Konichiwa Hiro San
@HiroyukiTakisawa
Long time no see. I am doing fine especially in the middle of winter when the temperature climbed up to 7+C today, 2 days before Christmas. Hope you are doing well too with your little bundle of joy.
You raise a number of great questions.
In Canada we said to have more sushi restaurants than in Japan ( just a joke).
We have had 3 sushi bars in Vancouver 1976. As of 2014 they say that there were 600.
California roll (avocado, Surimi and cucumber) and B.C. roll (BBQ salmon) were both invented in Vancouver. The largest Sushi expansion was due to business acumen of a Russian banker who worked in Japan for the Canadian CIBC bank. After him we now have a sushi bar in any supermarket now.

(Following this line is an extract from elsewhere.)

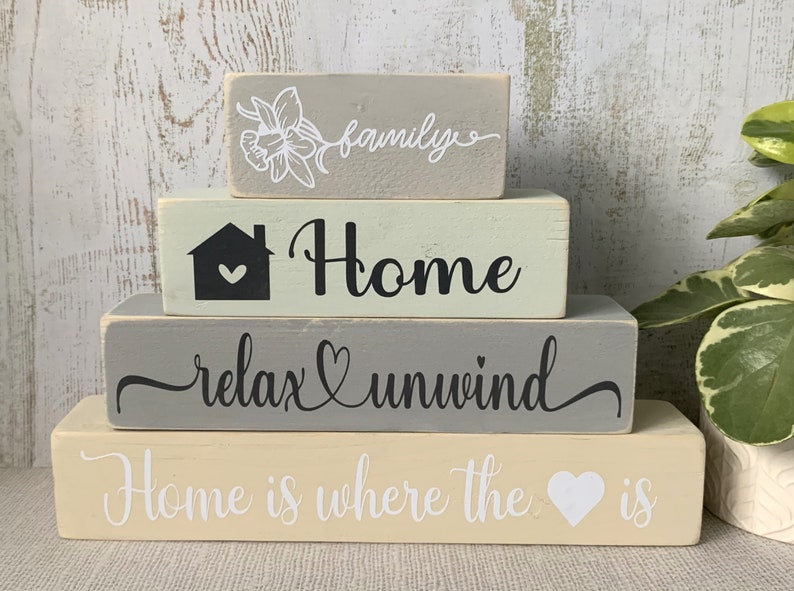 Home Love Family Wooden Stacking Blocks Handmade Signs Grey Beige Green Home Decor image 3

But please do not ask me how authentic they are. Majority of Sushi, considering that the original Sushi is the art of Edo Era in serving raw fish with vinegared or fermented rice, anything rolled out in rice can be called sushi. As a result we have sushi burgers and sushi burrito now.
Now we have thousands; one or two sushi and sashimi bars in every small town.
Apart from sushi, Chef Koji Kobayashi who hails from Osaka and is a great kaiseki artist runs a restaurant by the name Shokunin. Chef Masayoshi Baba’s small but great restaurant is Masayoshi. Junichi Ikematsu is from Kyoto but trained in France is behind the success of Jun 1. His Tuna Tataki is the best in town.
This is the answer to the other question.
There are very sad stories, some of which have become award winning books and movies, of the original Japanese migrants who arrived at the turn of the century. In 1942, internment of Japanese Canadians occurred when over 22,000 Japanese Canadians, comprising over 90 percent of the total Japanese Canadian population, from British Columbia were evacuated and interned in the name of “national security”.
This a video by David Suzuki
https://www.youtube.com/watch?v=C8TQTuMqM9g
Irrespective, in in1960s more Japanese have arrived after immigration reforms initiated by then prime minister Pierre Elliott Trudeau, the father of the current Prime Minister Justin Trudeau. We currently have about 130,000 Canadians of Japanese origin.
In their own respective fields Joy Kogawa, David Suzuki, Tom Shoyama, Raymond Moriyama, Jon Kimura-Parker, Takao Tanabe, Richard Ikeda, Irene Uchida, Marika Omatsu, and Linda Ohama are some of who contributed Canada what it is to be, today. I personally respect David Suzuki so much due to his efforts to save the environment.
This is a handai from Sasakawa family, a pioneering Japanese family in Vancouver, to me that I treasure so much.
Answer to the last question.
I personally believe, that majority of what we eat here as sushi are really Kim Bup, the Korean version of Sushi. These are the reason why. Many people do not know here how to make perfect sushi rice. ( su=Vinegar Shi=rice). Kim Bup is plain rice and only cooked spiced food. Dyed horseradish in green food colouring here is called Nabida or Wasabi. They hold one chopstick (one of your worst table etiquette)to mix soy sauce with wasabi to make a dipping sauce for sushi.
I hope I gave you sufficient laughing stock for days.
Arigato Domo and Sayonara for now. Till we meet again.